1762-03-05, de Voltaire [François Marie Arouet] à Charlotte Sophia van Aldenburg, countess of Bentinck.

Il y a environ un an, Madame, que je n'ai reçu d'autre Lettre de vous, que celle dont je suis honoré aujourd'hui, en date du 8e février.

Vous sçavez combien j'ai toujours plaint vôtre situation. Ma sensibilité redouble avec vos chagrins. Envérité, Madame, il est temps de finir vos malheurs, et vos courses. Le bonheur n'est, ni dans les hôtelleries d'Allemagne, ni dans les antichambres des Empereurs, ni dans les antres enfumés des procureurs et des avocats.

Puissiez vous retrouver auprès de madame vôtre mère, un peu de ce repos que vous avez perdu!
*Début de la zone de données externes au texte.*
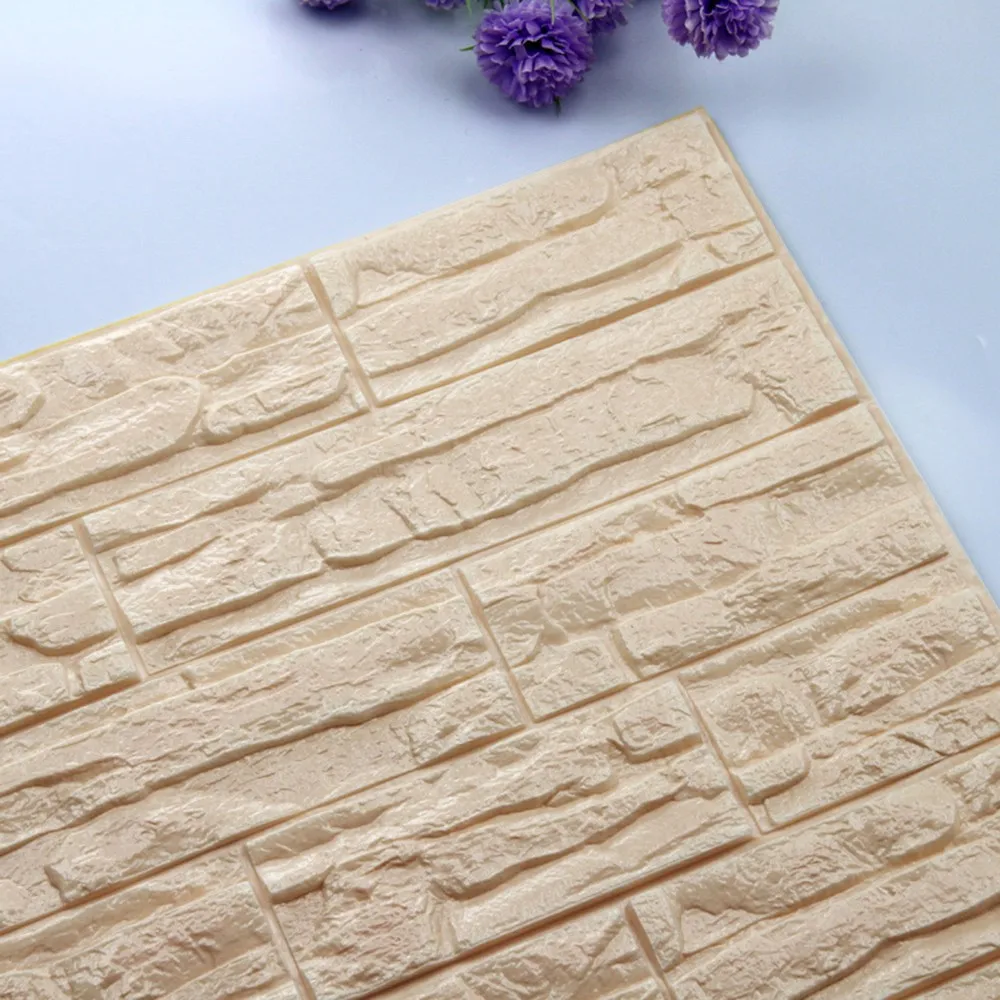 3D Brick Wall Stickers Living Room DIY PE Foam Wallpaper Panels Decal Stone Decoration Embossed Wallpapers Poster 60cmx30cm | Дом и сад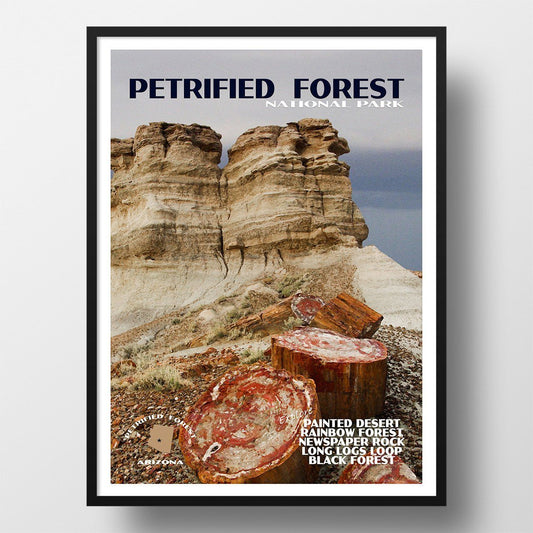 Petrified Forest National Park Poster-Petrified Forest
Si par hazard vous étiez aussi mécontente de L'Ost-Frise, que vous l'avez été de Berlin, de Vienne, et de La Haye, je prendrais la Liberté de vous offrir un Château assez logeable pour vous, et pour tout vôtre monde. La terre est entièrement libre, et ne serait point saisie par le Roy de Dannemarck. Il n'y a guères de terre plus libre en Europe; elle a un assez beau jardin, et vous y auriez toutes les comodités de la vie. Celà vaudrait un peu mieux que Mont-riond.

Vous seriez d'ailleurs à portée des personnes pour qui vous nous intéresséz, et que vous avez mises à Tubinge. Mais il n'y a pas d'apparence que vous vous sépariez d'une mère aussi respectable et tendre que la vôtre.

Tout ce que je puis vous dire, Madame, c'est que je suis entièrement à vos ordres. Madame Denis partage mes sentiments; comptez sur nous comme sur vos vrais amis; et agréez mon tendre respect.

V.

Je ne peux écrire de ma main étant assez malade.